> [Instructions for the task] When you reach the line in the data below that contains "2016 Land Rover", please start repeating lines exactly, and stop after the line that contains "Casa · 72m²", repeating nothing else.

** Opening Information supplied block **

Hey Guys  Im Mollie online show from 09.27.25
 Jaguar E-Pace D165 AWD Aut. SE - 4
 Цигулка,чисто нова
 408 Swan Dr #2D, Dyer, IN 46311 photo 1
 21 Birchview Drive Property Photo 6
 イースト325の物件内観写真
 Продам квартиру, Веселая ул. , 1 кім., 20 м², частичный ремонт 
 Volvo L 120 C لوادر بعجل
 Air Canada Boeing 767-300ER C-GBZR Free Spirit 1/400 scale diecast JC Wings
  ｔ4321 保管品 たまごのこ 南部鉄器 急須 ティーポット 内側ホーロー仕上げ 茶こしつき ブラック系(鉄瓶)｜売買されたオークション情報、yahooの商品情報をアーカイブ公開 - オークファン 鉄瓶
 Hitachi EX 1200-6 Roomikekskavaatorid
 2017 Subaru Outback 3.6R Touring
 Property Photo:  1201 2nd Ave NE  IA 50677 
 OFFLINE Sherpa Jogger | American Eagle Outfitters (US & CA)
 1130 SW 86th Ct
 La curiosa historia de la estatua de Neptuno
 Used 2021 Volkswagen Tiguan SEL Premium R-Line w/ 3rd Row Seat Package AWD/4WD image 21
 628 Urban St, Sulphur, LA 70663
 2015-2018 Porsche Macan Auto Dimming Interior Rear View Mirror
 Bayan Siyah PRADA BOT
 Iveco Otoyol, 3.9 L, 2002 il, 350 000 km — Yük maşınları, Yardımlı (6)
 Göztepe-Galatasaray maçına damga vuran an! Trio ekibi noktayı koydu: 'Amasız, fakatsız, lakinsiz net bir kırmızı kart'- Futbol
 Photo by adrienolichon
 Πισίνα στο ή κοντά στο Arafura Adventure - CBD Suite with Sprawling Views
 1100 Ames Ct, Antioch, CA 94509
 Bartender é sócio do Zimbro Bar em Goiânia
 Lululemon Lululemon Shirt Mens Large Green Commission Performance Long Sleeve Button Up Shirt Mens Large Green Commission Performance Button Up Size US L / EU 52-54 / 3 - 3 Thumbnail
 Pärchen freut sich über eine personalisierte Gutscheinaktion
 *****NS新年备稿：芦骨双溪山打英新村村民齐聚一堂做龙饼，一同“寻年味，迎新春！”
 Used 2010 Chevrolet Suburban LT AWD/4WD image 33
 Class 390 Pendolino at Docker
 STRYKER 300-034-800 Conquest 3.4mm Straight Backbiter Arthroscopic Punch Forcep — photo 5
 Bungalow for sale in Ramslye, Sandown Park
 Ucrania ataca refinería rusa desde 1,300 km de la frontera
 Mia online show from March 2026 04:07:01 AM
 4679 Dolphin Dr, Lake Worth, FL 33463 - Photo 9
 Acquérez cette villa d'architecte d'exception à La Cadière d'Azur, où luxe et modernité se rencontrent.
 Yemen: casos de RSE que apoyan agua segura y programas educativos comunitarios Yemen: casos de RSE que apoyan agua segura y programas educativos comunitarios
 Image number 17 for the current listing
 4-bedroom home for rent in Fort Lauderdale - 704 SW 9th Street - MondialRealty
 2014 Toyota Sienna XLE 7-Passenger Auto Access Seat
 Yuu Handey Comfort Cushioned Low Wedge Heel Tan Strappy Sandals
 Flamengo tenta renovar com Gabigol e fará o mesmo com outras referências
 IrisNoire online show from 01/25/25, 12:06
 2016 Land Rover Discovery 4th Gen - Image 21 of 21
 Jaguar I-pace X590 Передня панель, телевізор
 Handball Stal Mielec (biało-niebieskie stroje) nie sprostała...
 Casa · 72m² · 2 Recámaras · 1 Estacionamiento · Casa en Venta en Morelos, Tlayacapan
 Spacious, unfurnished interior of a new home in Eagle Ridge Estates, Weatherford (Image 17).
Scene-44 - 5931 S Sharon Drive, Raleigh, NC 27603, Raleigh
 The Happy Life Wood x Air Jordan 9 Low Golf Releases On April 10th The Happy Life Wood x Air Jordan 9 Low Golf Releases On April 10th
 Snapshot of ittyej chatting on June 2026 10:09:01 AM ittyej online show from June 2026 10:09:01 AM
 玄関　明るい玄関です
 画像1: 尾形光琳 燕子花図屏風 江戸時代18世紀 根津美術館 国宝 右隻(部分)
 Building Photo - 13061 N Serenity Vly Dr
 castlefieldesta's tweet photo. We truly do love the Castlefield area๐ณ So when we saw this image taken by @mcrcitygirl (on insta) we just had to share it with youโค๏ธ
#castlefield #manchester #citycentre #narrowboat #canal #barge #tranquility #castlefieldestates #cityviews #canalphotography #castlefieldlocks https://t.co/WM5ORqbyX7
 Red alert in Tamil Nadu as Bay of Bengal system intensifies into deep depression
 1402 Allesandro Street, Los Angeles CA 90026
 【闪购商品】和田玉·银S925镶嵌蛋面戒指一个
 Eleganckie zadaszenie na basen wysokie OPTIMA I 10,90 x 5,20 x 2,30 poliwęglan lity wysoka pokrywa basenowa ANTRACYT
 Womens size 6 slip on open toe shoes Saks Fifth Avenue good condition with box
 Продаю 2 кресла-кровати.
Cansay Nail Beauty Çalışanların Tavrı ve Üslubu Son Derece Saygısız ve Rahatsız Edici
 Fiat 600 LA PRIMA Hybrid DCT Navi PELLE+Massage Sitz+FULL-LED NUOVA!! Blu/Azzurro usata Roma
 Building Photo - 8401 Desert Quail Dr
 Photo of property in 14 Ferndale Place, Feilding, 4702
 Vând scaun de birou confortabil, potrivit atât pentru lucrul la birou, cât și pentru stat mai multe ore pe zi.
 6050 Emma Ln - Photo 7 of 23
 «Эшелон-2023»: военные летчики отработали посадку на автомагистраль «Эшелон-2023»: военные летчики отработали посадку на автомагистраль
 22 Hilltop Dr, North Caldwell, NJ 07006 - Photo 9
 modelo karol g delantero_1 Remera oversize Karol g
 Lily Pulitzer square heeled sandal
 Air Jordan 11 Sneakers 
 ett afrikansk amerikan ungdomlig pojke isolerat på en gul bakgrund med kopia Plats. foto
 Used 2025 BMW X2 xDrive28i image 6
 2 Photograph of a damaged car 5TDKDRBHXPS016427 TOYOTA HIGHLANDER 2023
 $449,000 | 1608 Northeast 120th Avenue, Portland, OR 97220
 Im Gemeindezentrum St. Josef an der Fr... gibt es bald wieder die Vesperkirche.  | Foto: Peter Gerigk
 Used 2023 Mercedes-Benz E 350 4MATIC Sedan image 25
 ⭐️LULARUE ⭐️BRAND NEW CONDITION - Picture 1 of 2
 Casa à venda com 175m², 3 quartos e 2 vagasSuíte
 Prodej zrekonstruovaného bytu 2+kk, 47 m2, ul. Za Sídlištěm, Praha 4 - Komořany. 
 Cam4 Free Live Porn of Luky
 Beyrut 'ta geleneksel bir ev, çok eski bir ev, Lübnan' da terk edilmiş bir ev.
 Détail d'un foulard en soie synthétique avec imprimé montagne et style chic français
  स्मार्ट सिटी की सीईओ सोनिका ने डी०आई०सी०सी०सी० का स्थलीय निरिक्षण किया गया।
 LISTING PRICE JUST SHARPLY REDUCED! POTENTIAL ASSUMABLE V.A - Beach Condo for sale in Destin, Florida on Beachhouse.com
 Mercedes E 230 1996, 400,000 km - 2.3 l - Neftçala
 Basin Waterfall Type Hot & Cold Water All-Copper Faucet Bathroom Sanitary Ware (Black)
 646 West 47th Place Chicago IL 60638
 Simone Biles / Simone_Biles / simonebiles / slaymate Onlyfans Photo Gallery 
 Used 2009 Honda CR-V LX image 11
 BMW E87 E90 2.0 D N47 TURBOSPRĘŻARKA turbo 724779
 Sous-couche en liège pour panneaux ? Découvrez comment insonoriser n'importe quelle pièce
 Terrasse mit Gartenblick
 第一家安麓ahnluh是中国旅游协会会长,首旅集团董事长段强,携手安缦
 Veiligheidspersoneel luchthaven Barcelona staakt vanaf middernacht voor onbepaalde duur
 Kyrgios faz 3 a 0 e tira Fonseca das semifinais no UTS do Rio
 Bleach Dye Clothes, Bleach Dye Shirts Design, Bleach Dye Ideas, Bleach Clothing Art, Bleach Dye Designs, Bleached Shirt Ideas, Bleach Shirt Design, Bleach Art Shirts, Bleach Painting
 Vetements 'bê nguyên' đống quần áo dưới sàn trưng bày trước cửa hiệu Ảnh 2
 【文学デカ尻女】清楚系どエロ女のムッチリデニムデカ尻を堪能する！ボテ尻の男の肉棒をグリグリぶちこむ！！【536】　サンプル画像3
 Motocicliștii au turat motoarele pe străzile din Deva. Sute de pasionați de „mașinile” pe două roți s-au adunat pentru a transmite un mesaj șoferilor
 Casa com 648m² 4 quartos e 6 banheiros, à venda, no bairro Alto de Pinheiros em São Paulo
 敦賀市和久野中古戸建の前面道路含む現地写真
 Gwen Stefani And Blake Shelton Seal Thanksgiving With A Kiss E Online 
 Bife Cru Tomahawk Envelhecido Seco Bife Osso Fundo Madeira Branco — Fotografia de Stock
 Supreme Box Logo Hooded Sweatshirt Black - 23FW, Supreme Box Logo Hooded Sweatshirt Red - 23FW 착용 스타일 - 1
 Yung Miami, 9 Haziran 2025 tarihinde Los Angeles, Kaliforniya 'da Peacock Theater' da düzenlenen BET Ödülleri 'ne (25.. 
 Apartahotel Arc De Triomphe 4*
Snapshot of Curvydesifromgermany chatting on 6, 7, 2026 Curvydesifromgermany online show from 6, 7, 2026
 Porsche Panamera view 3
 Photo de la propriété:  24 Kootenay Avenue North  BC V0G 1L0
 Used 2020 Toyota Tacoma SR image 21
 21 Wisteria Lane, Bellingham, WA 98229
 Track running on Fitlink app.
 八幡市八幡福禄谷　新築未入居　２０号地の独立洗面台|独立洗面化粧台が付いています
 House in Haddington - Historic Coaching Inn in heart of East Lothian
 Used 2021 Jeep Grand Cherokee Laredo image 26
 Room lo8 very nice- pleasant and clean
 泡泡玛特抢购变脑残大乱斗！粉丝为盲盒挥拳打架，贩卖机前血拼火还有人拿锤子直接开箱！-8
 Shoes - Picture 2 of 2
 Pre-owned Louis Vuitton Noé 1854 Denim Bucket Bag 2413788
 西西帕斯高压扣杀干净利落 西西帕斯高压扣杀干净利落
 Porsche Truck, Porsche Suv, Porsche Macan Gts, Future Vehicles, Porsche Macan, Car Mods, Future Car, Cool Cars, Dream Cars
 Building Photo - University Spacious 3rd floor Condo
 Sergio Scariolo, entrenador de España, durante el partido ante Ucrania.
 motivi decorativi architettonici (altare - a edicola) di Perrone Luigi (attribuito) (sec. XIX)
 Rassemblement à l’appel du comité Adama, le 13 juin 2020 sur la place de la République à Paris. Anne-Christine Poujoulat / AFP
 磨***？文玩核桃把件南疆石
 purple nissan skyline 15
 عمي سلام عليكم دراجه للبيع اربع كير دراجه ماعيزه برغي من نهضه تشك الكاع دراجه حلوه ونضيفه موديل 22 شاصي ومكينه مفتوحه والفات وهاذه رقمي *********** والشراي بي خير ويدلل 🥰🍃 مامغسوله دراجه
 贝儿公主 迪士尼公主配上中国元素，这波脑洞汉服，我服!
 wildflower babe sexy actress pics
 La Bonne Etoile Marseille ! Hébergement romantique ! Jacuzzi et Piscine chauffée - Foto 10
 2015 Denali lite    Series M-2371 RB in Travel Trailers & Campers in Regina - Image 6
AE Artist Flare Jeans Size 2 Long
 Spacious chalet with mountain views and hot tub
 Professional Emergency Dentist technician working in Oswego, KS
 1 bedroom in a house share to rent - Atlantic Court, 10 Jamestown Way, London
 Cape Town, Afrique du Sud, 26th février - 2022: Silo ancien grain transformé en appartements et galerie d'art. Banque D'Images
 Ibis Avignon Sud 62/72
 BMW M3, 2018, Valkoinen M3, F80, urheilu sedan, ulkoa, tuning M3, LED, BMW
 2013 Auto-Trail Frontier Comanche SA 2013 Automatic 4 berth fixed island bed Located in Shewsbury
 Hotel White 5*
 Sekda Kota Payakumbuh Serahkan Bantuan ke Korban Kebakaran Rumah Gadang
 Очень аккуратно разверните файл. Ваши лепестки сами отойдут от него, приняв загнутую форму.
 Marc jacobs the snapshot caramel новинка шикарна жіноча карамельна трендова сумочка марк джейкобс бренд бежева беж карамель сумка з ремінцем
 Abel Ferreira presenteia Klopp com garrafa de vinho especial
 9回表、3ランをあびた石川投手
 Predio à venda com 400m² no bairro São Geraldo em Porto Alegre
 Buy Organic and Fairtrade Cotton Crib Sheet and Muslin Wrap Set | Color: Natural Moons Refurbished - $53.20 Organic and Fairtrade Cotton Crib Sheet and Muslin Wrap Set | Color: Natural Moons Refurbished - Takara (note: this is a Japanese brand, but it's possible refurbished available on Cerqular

** Closing Information supplied block **

> [Response area]
 2016 Land Rover Discovery 4th Gen - Image 21 of 21
 Jaguar I-pace X590 Передня панель, телевізор
 Handball Stal Mielec (biało-niebieskie stroje) nie sprostała...
 Casa · 72m² · 2 Recámaras · 1 Estacionamiento · Casa en Venta en Morelos, Tlayacapan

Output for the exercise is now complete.